Running Gemma 4 in my Homelab

I started experimenting with local LLMs on my Proxmox cluster through Ollama. After some trial and error, and giving the LXC more RAM than I first expected, I got Gemma 4 running.

It is not a replacement for a full cloud model. The slower speed and lower capability are noticeable, especially on my homelab hardware. But that is not really the goal.

I use OpenClaw as an orchestration layer. Because different agents can use different models, I can route specific tasks to the local Gemma instance instead of burning cloud tokens for everything. The same idea also fits nicely with Opencode, where small tasks can run locally while stronger cloud models handle the heavier work.

For example: I have an OpenClaw agent that helps me keep track of the household chores I need to do each week. It is useful, recurring, and personal, but it does not need a premium cloud model. That makes it a perfect task to offload to my local Gemma 4 instance.

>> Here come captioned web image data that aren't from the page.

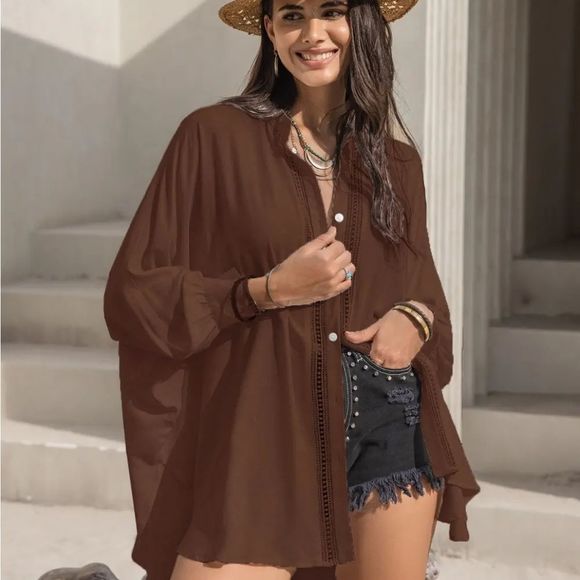 Mocha Lace Affair Button Shirt - Picture 6 of 8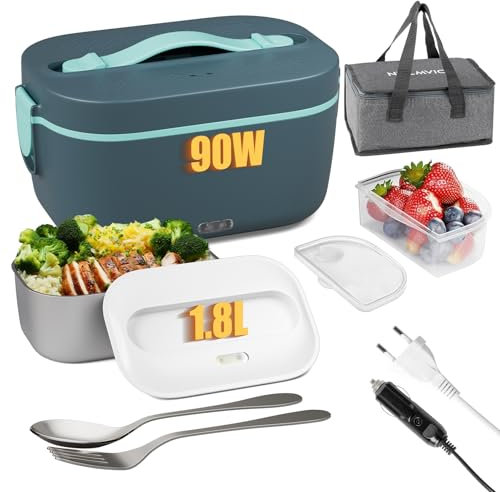 Nulmvic Scaldavivande Elettrico Portatile 90W - 1,8L Porta Pranzo Riscaldabile - 220V/12V/24V Scalda Vivande Portatile Elettrico per Auto Camion e Ufficio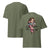 Green t-shirt with a cartoon character and text on a white background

In general, you can look into offloading things like:

Background tasks that do not need instant replies
Lightweight summarization
Preprocessing or categorization
Simple automation flows
Tasks where “good enough” is actually good enough

The interesting part is how this changes the setup. Instead of picking a cloud model for every task, I can split the work into layers: local models for cheap background work, stronger cloud models when the extra intelligence is actually worth paying for. I am not fully convinced this is the final setup yet, but with premium models getting more expensive it feels worth exploring.